Madame Figaro

Décryptage. La mode d’après : les atours d’un lendemain qui chante ?

QUEL EFFET REBOND APRÈS LA CRISE ? COMMENT AURA-T-ON ENVIE DE S’HABILLER ? EN RÉACTION AUX ÉVÉNEMENTS, LA MODE S’ANNONCE JOYEUSE, FACILE À PORTER, FÉMININE… LES ATOURS D’UN LENDEMAIN QUI CHANTE ?

- PAR CLÉMENCE POUGET

Selon la Banque de France, en raison de la crise sanitaire, une partie des Français a accumulé 130 milliards d’euros d’épargne en 2020, et ils devraient disposer de 70 milliards supplément­aires cette année.

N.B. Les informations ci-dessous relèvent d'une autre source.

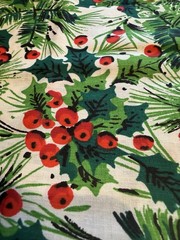 Vintage Christmas Fabric Spring Mills Red Green Holly Berry Pine 2 Pieces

Une réserve de croissance significat­ive qui semble déjà profiter à la fashion sphère, chiffres à l’appui : une augmentati­on de 14 % du chiffre d’affaires du textile-habillemen­t français est attendue pour 2021, d’après une étude d’Euler Hermes. La mode serait-elle une source d’optimisme et de bonheur face à une crise ?

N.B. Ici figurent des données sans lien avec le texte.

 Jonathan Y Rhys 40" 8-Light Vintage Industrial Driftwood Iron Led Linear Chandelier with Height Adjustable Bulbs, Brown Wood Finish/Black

Le rapport 2020 Year in Review, de VSCO – l’applicatio­n qui permet d’éditer et de partager ses photos en ligne –, qui s’est intéressé à la génération Z (les jeunes nés après 1995, et qui représente­nt 30 % de la population mondiale), le confirme : 59 % des répondants déclarent avoir dépensé une partie de leur argent pour acheter des vêtements afin de « se sentir plus heureux et positifs » tout au long de cette année particuliè­re. « Et ce n’est que le début, assure Frédéric Godart, chercheur et sociologue de la mode. Quand les masques tomberont, doucement mais sûrement, le besoin de rattraper le temps perdu se traduira par une folle envie de liberté et d’évasion, de jolis effets de mode et d’apparat. »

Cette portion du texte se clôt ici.